As cisgender females, we wish to remain anonymous after witnessing the emotional, digital, verbal, mental, and physical abuses that Dunham, Perkins, and others have received from select football players and other students in response to Dunham’s article.* Such responses were the primary motivator behind our writing this. We aspire to shed light on the intent of Dunham’s original piece and how its message has been misconstrued.
The purpose of Dunham’s article was to address a tradition of sexist recruiting tactics being used by the football coaches. The tradition, that has been in place since before Coach Zorbo worked at K, is one that was perhaps continued naïvely, but is still inherently sexist. It is an example of the sexism and, arguably, the ignorance, which continues to plague the world in many ways.
As an institution, Kalamazoo College has continuously made strides to combat sexism. The coaches’ permission and promotion to choose untrained, young, female athletes (who are considered “better looking” than the coaches and players) to give tours to football recruits and their families does not only call into question the ethics of the program, but is also an insult to Kalamazoo College and women at large. This recruitment tactic is of no “favor” to the school or its athletic program; rather, it is an outdated, sexist “tradition” that deteriorates the school’s progress towards social justice.
While the football program and some school administrators justified choosing only females as tour guides as providing a new insight into the diversity of K and the “…the whole broad range of opportunities and people that are here…”, it is hard to ignore the demographics of the women who were chosen to lead the tours. All were white females (who are primarily athletes)—this is a far cry from the diversity that K has to offer. Choosing untrained females not only disrespects the tour guides qualified by admissions, but also prevents football recruits from being exposed to the various opportunities K boasts.
Hornet football players perceived Dunham’s article as a personal attack rather than an informative article.
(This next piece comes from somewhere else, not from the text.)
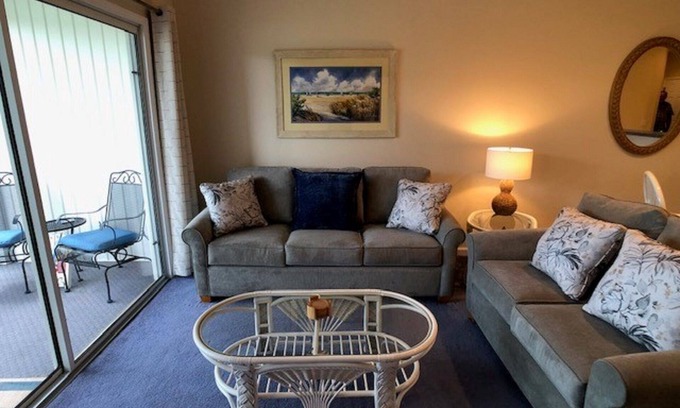 Sea Trail Condo | 2 BDRM Sunset Beach Condo: Screened Patio with view of Jones/Byrd 10th hole.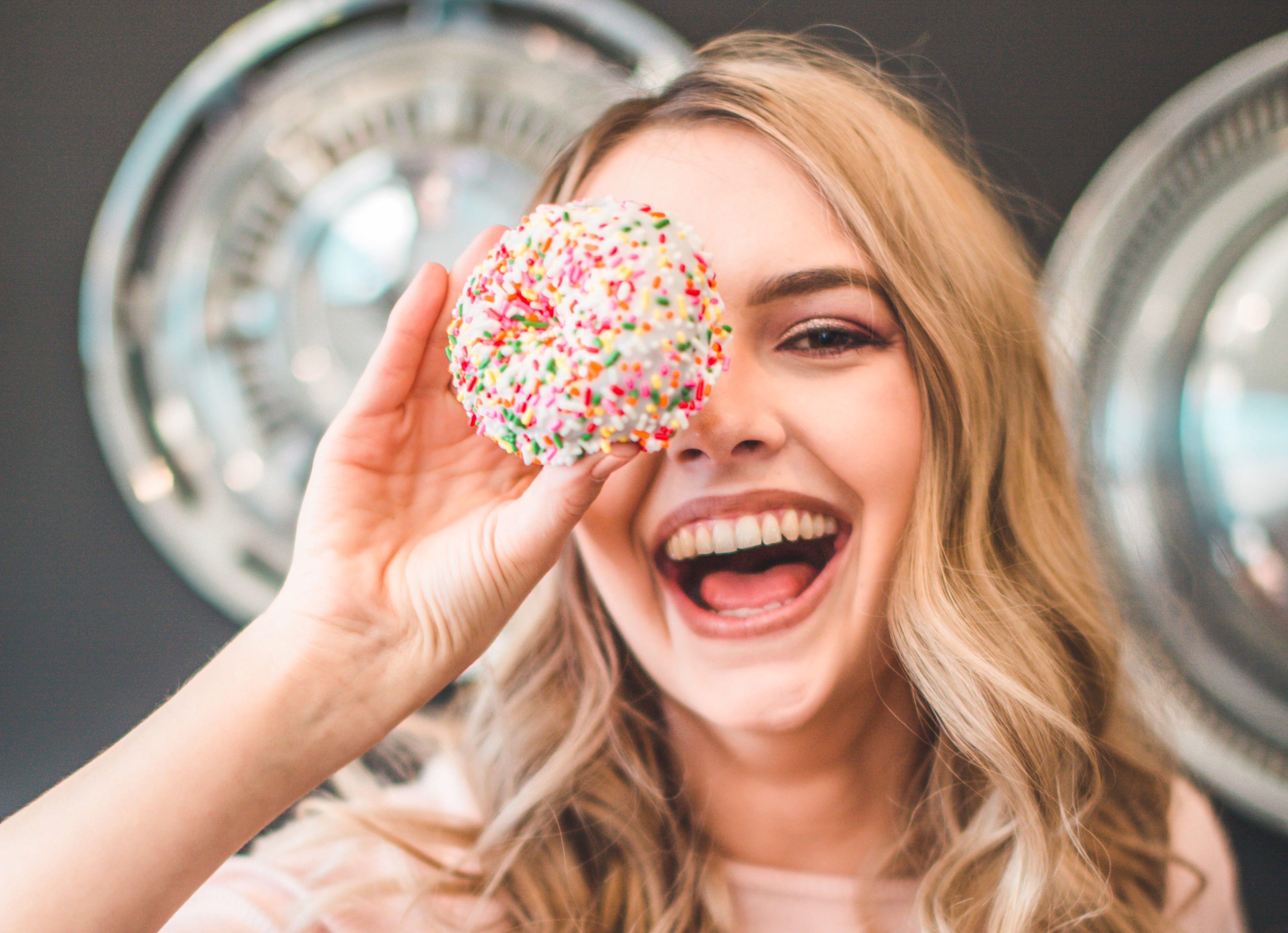 Woman Smiling With Donut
This misinterpretation led to some inappropriate responses towards Dunham and took away from the potential lesson of her article. As aforementioned, she attempted to highlight the inherently sexist systems that exist, not personally criticize the football team. The actions and harassment from certain football players should serve as a tool for reflection and inspiration for action.
Coach Zorbo said, “I just want to reiterate that if we offended someone I sincerely apologize for that.” It is crucial to point out that the football coaching staff has upset many people on campus, not just one person.
We propose that the coaching staff apologizes to the students and faculty affected and disappointed by their tactics. We also hope to hear a public response from President Wilson-Oyelaran, addressing the issue at hand and guiding us down a path of understanding and change.
Dunham’s article provides an opportunity for a conversation on campus between both students and faculty; a conversation that was, and still is, necessary. It is time that our campus becomes more aware of its actions and recognizes problematic social structures and preexisting practices that people (even if unknowingly) uphold.